Will Gluck to Direct “SkyJack,” D.B. Cooper Film

A movie that will not be shown on any flights.

Most criminals don’t get away with their crimes. That’s why we hear about them–they get caught. Then there are undoubtedly some who do, but we don’t know about them because they “got away it” so well. Sometimes, though, someone commits a crime, everyone knows about it, and that person still gets away with it. Rarest of all is the person who pulls off that feat and everyone thinks it’s, well, kind of cool. That was the D.B. Cooper case, and now Will Gluck is making a movie about it.

Deadline reports that Gluck will direct an adaptation of “Skyjack: The Hunt for D.B. Cooper,” Geoffrey Gray. Keith Bunin is writing the script.

Don’t know the D.B. Cooper story? In short, on November 24, 1971, Cooper boarded a flight as an average passenger, then hijacked it. He demanded $200,000 and parachutes to escape, then jumped out of the plane over the Pacific Northwest.
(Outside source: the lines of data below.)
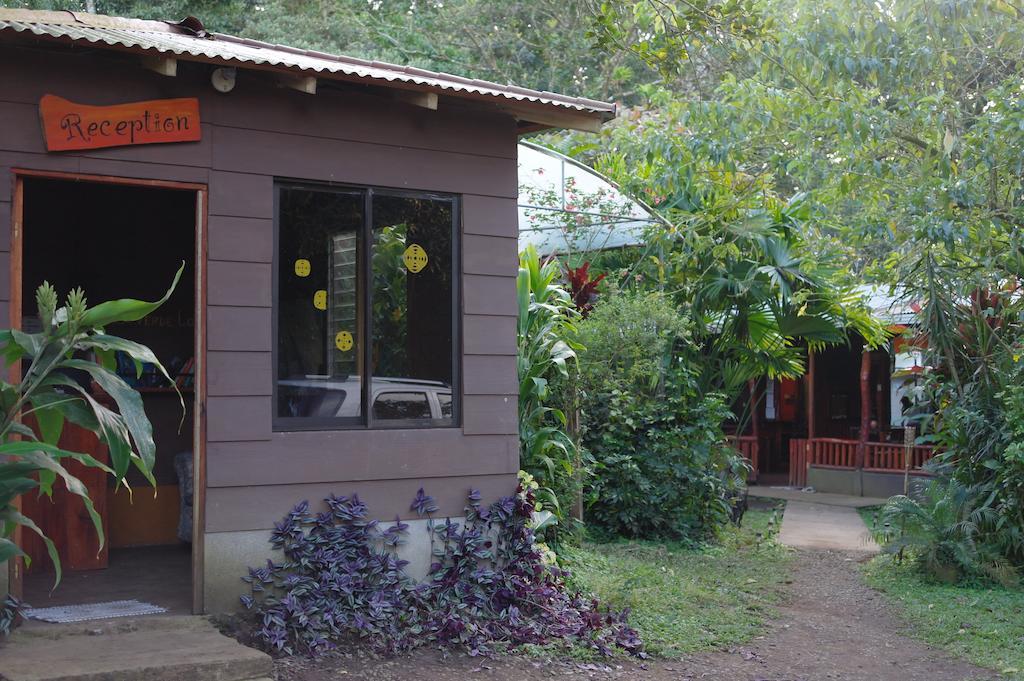 Finca Verde Lodge Bijagua Exterior photo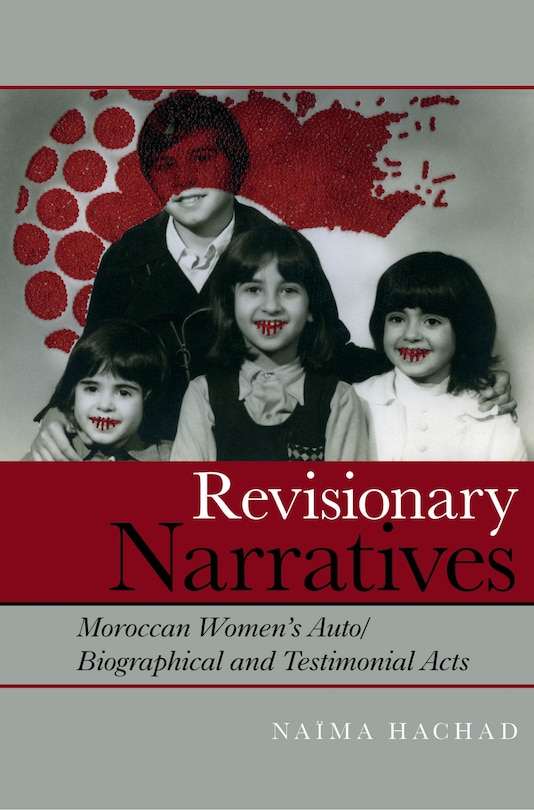 Couverture_Revisionary Narratives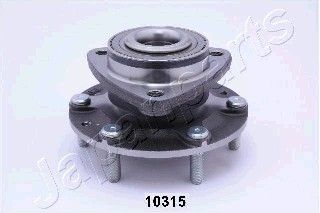 JAPANPARTS Ступица колеса KK-10315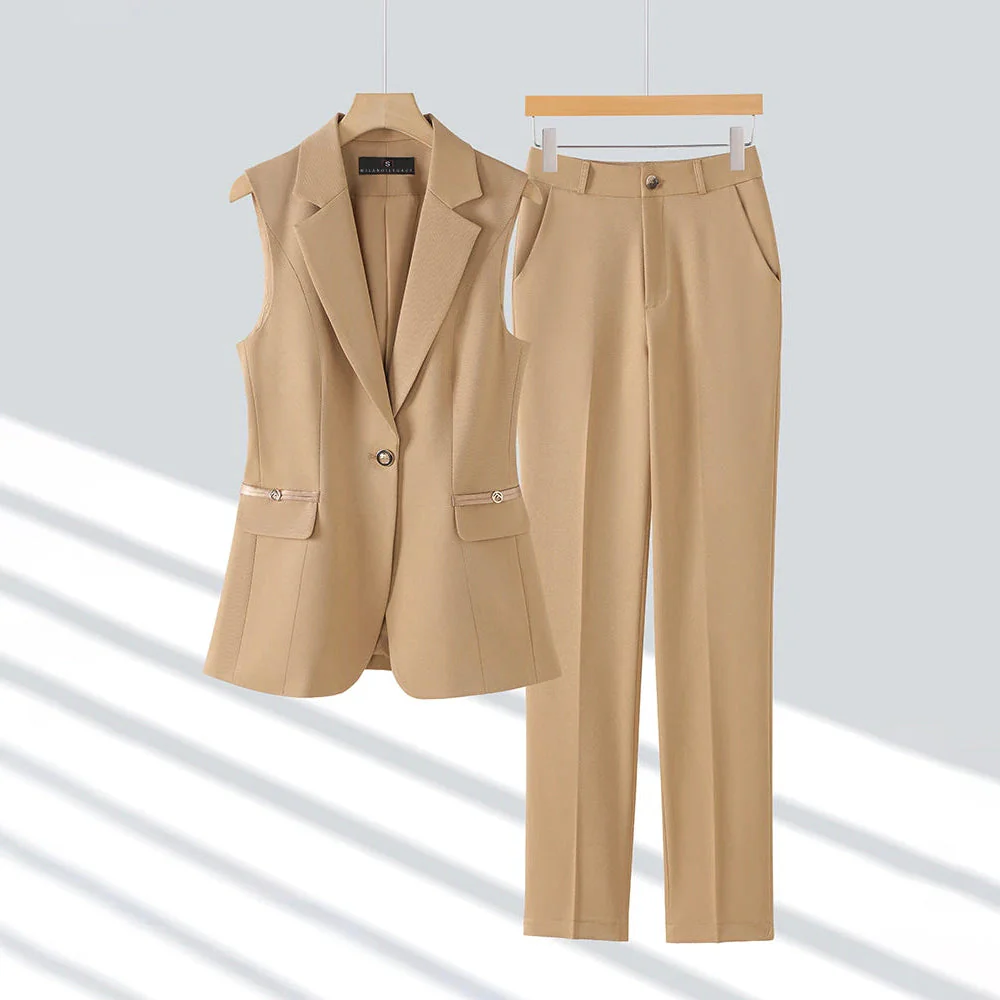 Chloé Montclair Executive Grace Set - Image 3
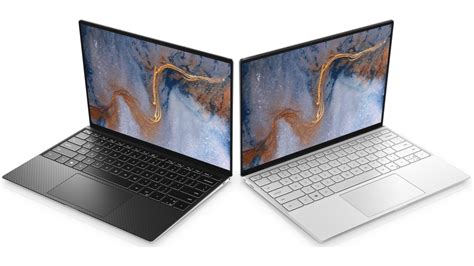 Dell Xps 13 Xps 13 Developer Edition Laptops With 10th Gen Intel Core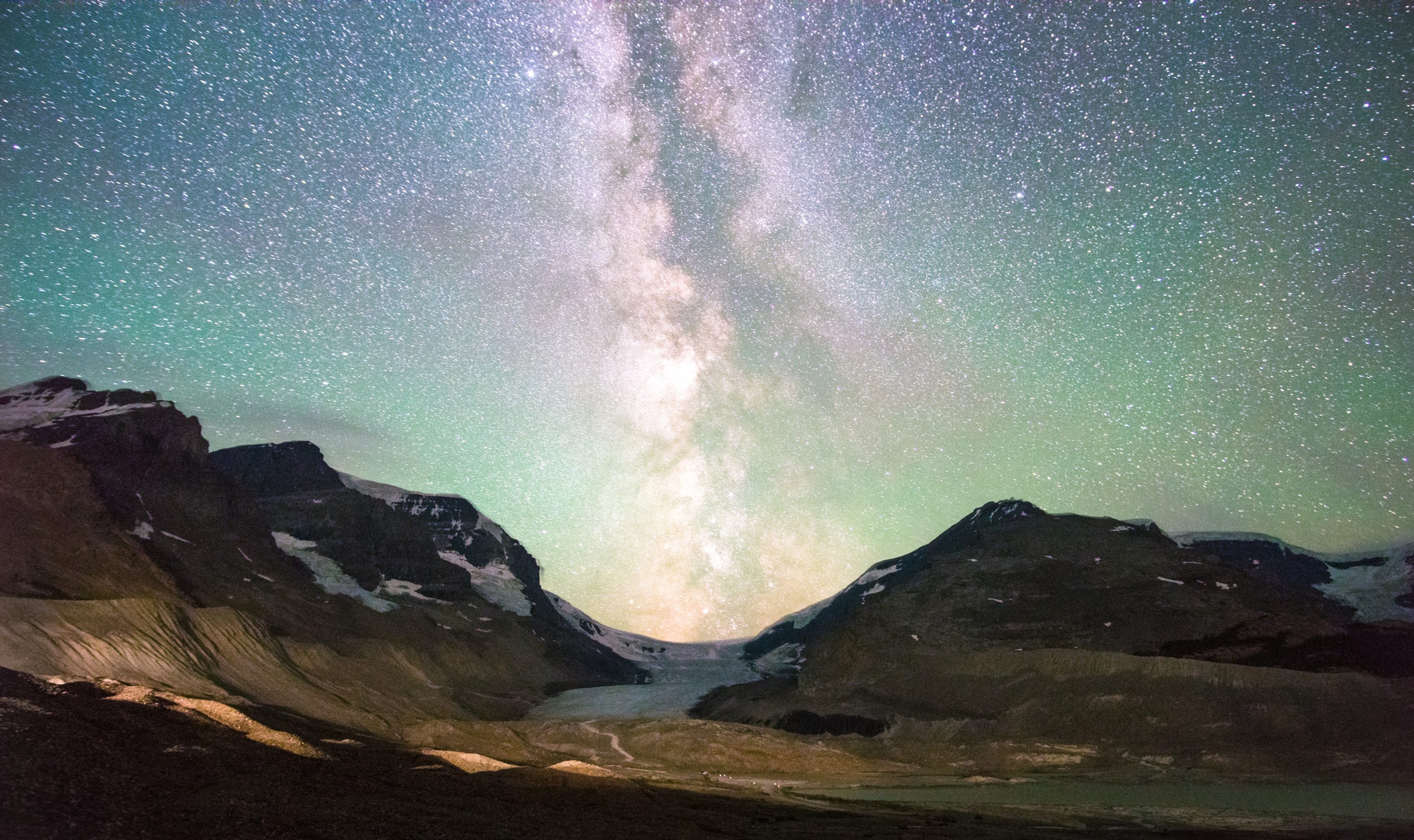 Jasper Dark Sky Festival Jasper Dark Sky Festival
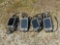 (4) 12V HME Solar Panels
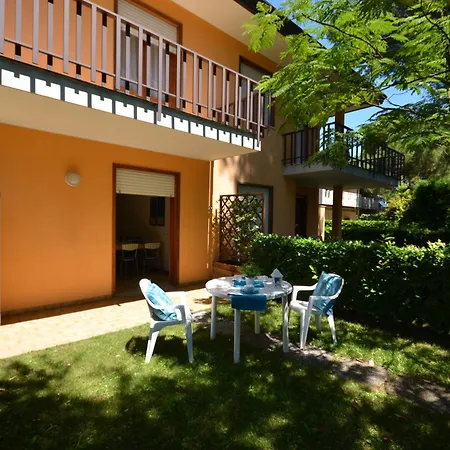 Villaggio Dei Gelsomini דירה ביביונה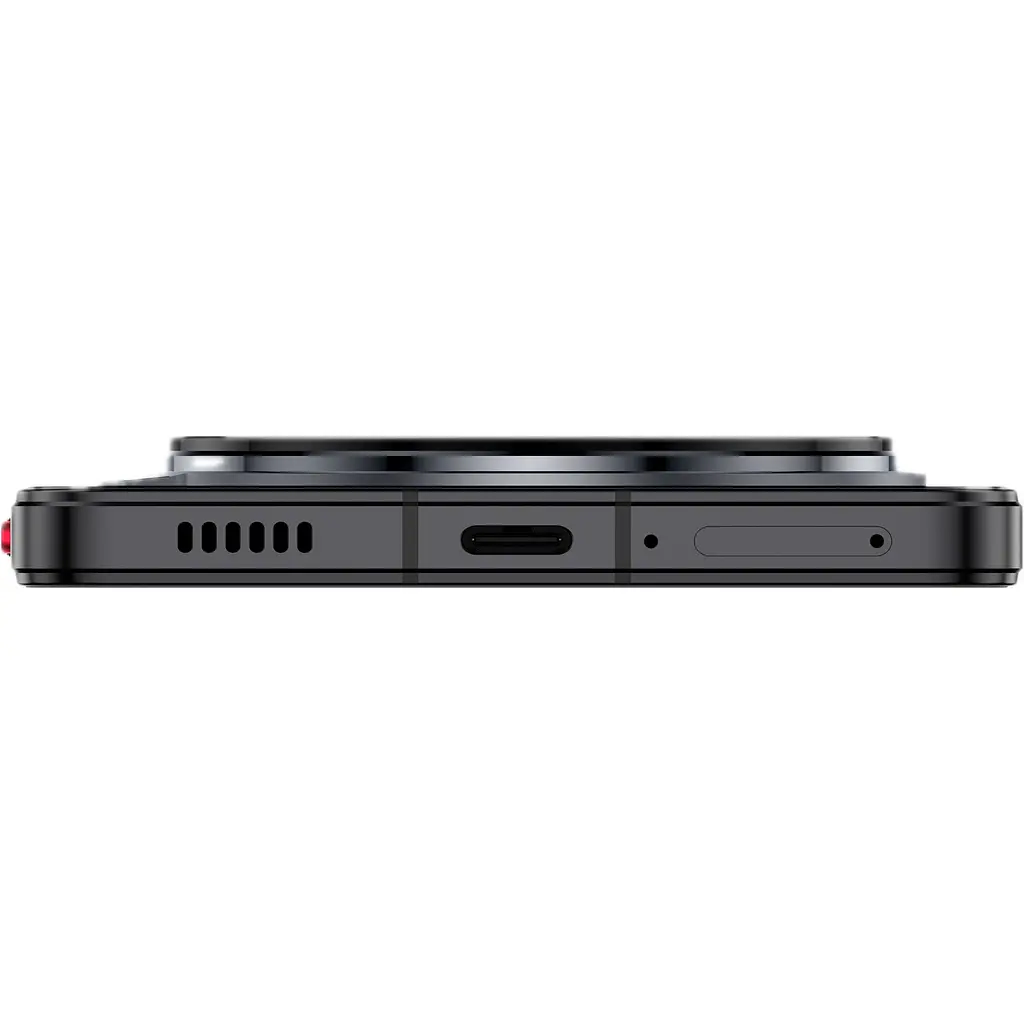 Смартфон Nubia Z60S Pro 16/1TB Black [120873] - фото 8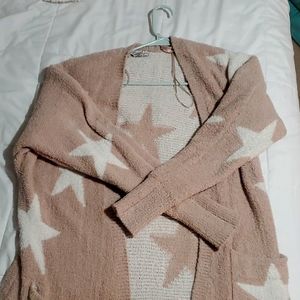 Sincerely Jules women's xs cardigan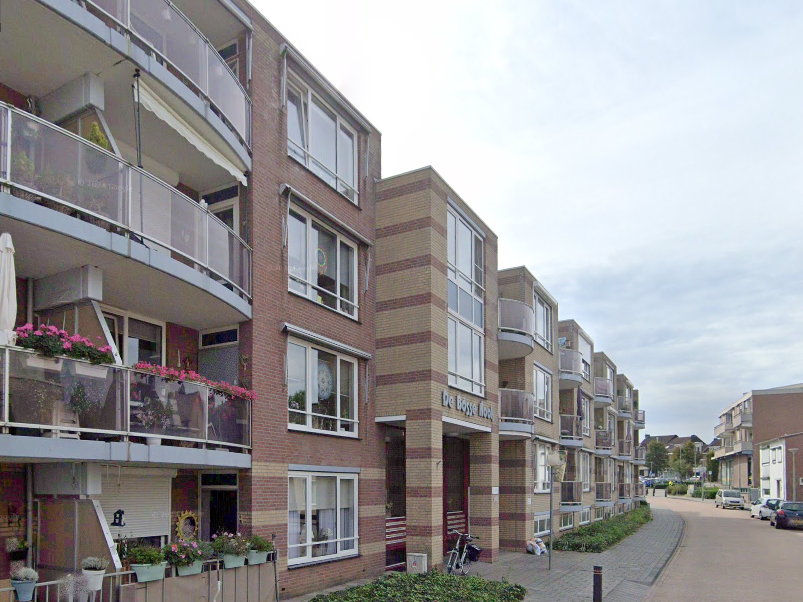 Hoefnagelshof 77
He’s never been found. Over time, he’s become something of a folk hero, a true American original (this opinion no doubt would be different if, you know, someone had been killed during the hijacking).

Here’s a summary of Gray’s book from a review on Amazon:

On November 24, 1971, a man calling himself Dan Cooper hijacked a Boeing 727, demanded $200,000 and parachutes, and jumped out over the Pacific Northwest. At a time when the country was beset by war, assassinations, riots, a faltering economy, and the Nixon presidency, Cooper was heralded as a Robin Hood of the sky. Enormous investigative resources were marshaled. Ballads were written. Cooper was never heard from again.

Forty years later, Geoffrey Gray dives chute-less into the swirling abyss of Cooper mania and lands with a true non-fiction novel, with characters too eccentric to be invented and a hurtling pace rarely found in the world of fact. The writing is stylish. The reporting is unstoppable. Gray is sympathetic and funny and saucer-eyed–even, at times, unhinged. He wants to solve the unsolvable, and remarkably, for a famous cold case, his spadework turns up fresh material.

As much as Skyjack is about D.B. Cooper, it is also a searing group portrait of those who even today find meaning in his mystery, a travelogue through a tumultuous era in American history, and a study of the paranoid style in American obsession. Most indelibly, it is an exploration of the mystery within the mystery, the puzzle of why these unfilled blank spots in our past have such a haunting grip on our imaginations.

A nonfiction novel? That’s interesting. It sounds like a good story, though I don’t know if Gluck would have been the first name that came to mind for this. I’d love to see what Charlie Kaufman would do with it, but there’s nothing wrong with Gluck. Needless to say, there’s no casting info or dates yet.